Casi toda la casa está cerrada y ya no se enseña a los visitantes; pero Sir Leicester sigue manteniendo su corte reducida en el salón largo, pese a todo, y descansa en su sitio de siempre frente al retrato de Milady. El salón queda cerrado por la noche con amplias cortinas e iluminado sólo en esa parte, y la luz parece irse contrayendo y disminuyendo gradualmente hasta que desaparece.

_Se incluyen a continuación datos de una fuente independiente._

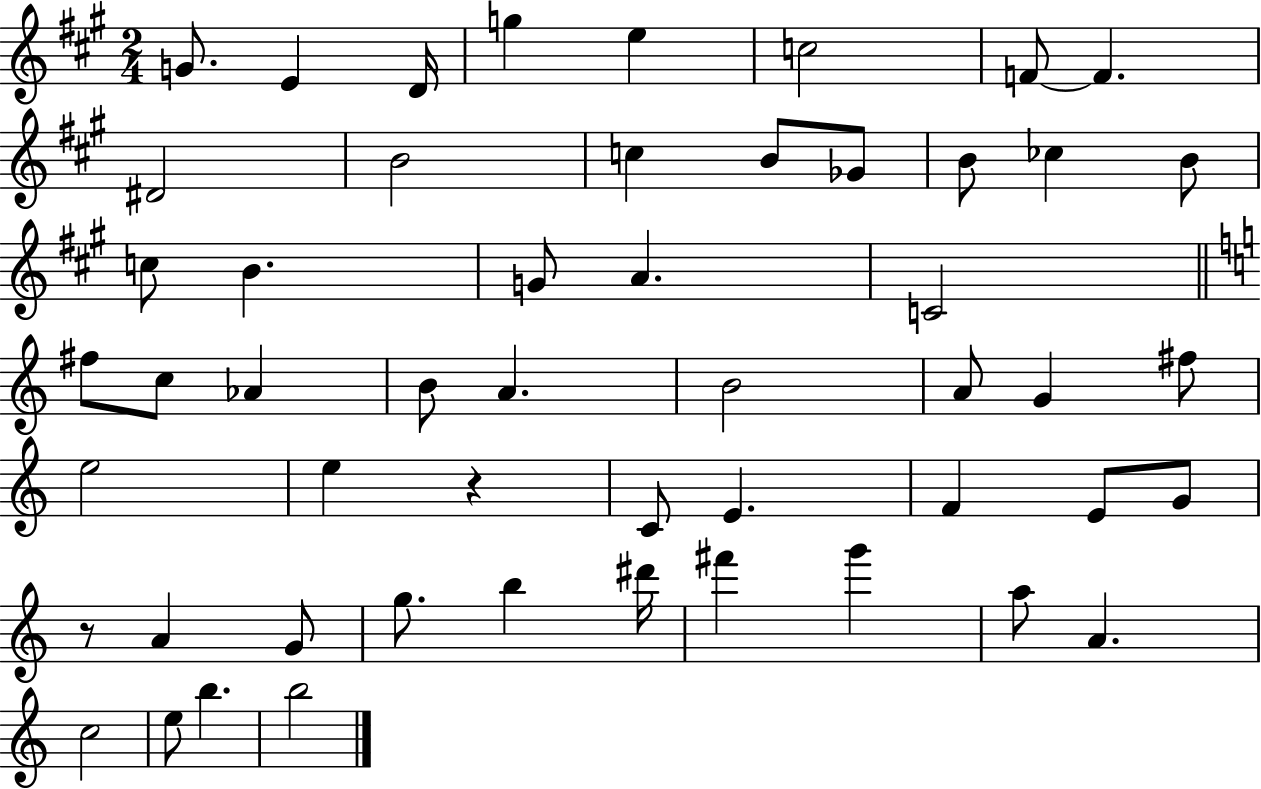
G4/e. E4/q D4/s G5/q E5/q C5/h F4/e F4/q. D#4/h B4/h C5/q B4/e Gb4/e B4/e CES5/q B4/e C5/e B4/q. G4/e A4/q. C4/h F#5/e C5/e Ab4/q B4/e A4/q. B4/h A4/e G4/q F#5/e E5/h E5/q R/q C4/e E4/q. F4/q E4/e G4/e R/e A4/q G4/e G5/e. B5/q D#6/s F#6/q G6/q A5/e A4/q. C5/h E5/e B5/q. B5/h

La verdad es que en muy poco tiempo más habrá desaparecido del todo para Sir Leicester, cuando la húmeda puerta del mausoleo, que tan herméticamente se cierra y que parece tan impenetrable, se haya abierto para darle acogida.

Volumnia, a la que con el paso del tiempo se le va poniendo más sonrosado el colorete de la cara, y más amarillo el blanco, lee a Sir Leicester en las largas veladas y se ve impulsada a diversos artificios para ocultar sus bostezos, el principal y más eficaz de cuyos artificios consiste en insertar el collar de perlas entre sus labios sonrosados. La base de sus lecturas la forman enormes tratados sobre la cuestión Buffy-Boodle, en los cuales se demuestra que Buffy es intachable y Boodle un villano, y cómo el país va a su perdición si es todo de Boodle y nada de Buffy, o a su salvación si es todo de Buffy y nada de Boodle (ha de ser una de las dos cosas, y ninguna otra). A Sir Leicester no le preocupa de qué se trate, y no parece que lo siga con mucha atención; aparte de eso, siempre parece despertarse cuando Volumnia se interrumpe, y repitiendo sonoramente las últimas palabras dichas por ella, le pregunta con un cierto desagrado si se siente fatigada. Sin embargo, Volumnia, en el transcurso de su revoloteo y su picoteo entre papeles, ha caído sobre un memorando relativo a ella en caso de que le pase algo a su pariente, que constituye una compensación generosa por un largo curso de lecturas, y mantiene a raya incluso al dragón del Aburrimiento.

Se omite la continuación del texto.